Among such distractions from my research, I was then rounding up some of the poets and artists who were contributing to the First International Exhibition of Concrete, Phonetic and Kinetic Poetry, organised by my friends Mike Weaver and Philip Steadman at St Catharine’s College, Cambridge. I rushed back to Cambridge to catch this show at the end of November. However, my most vivid memory is not of the work exhibited, but of the inevitable visit of Dom Sylvester Houédard, sweeping around the Rushmore Rooms in his monastic robes. Fifty years later, this prophetic exhibition is being commemorated by a small show at the Cambridge Centre of Latin American Studies which echoes some of the liveliest features of our original selection. Concrete poems, paper works and manuscript letters, chiefly by the Brazilian Noigandres group of São Paulo, are on display (until 1 March 2015).

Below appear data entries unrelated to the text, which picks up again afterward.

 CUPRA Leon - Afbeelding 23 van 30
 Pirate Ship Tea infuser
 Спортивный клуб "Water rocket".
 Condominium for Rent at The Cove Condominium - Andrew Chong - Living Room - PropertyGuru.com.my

It was in the summer of 1964 that I had met Ian Hamilton Finlay (1925–2006) for the first time. He was then living in central Edinburgh, and had already achieved a leading position in Britain as a concrete poet and little-press publisher, which was fully reflected in contributions to our Cambridge show. In September Ian and I began a correspondence which soon turned regular, and tracked the frustrations as well as the hard-won triumphs of the ensuing period of his life. Finlay had acquired an international reputation when he published The Dancers Inherit the Party in 1960. But from 1963 onwards, he began to desert conventional verse form and innovated with poem/prints, standing poems, and projects envisaging an architectural or landscape setting for a poetic text. Weaver and myself were among the first to write about his work, which also appeared in the magazines Image and Form, edited by Steadman. After the lapse of half a century, Finlay’s letters to me from this early period are now available in published form in an annotated edition that I have entitled Midway (Wilmington Square Books). If in 1964 Finlay’s work was still centred in the domain of concrete poetry, by the end of 1969 he was well on the way to establishing himself as a visual artist, and in particular as the creator of the garden of Stonypath/Little Sparta, for which he became well known.
Throughout the much longer period in which we exchanged letters, Finlay was always generous in sending me specimens of his published work. An opportunity for me to display a large selection of his poems and prints, together with a wide range of small-scale objects, has arrived with the opening of a second exhibition, ‘Beauty and Revolution’, which continues at Kettle’s Yard, Cambridge, until 1 March 2015. There is a special reason for stressing the Cambridge connection in respect of this show. Jim Ede, the founder of Kettle’s Yard, also made Finlay’s acquaintance in 1964. Reciprocally, Finlay himself soon became interested in the coherent image of historic English modernism that was epitomised by Ede’s installation. Though his agoraphobia prevented him from visiting Kettle’s Yard, he recognised it as a yardstick against which his own achievement at Stonypath could be measured. In 1995, he contributed to an exhibition held at Kettle’s Yard with a stone bearing the inscription: ‘Kettle’s Yard Cambridge England is the Louvre of the Pebble’. Showing a full range of Finlay’s work in this congenial context illuminates Ede’s modernism, as well as offering clear indicators of Finlay’s own postmodern turn.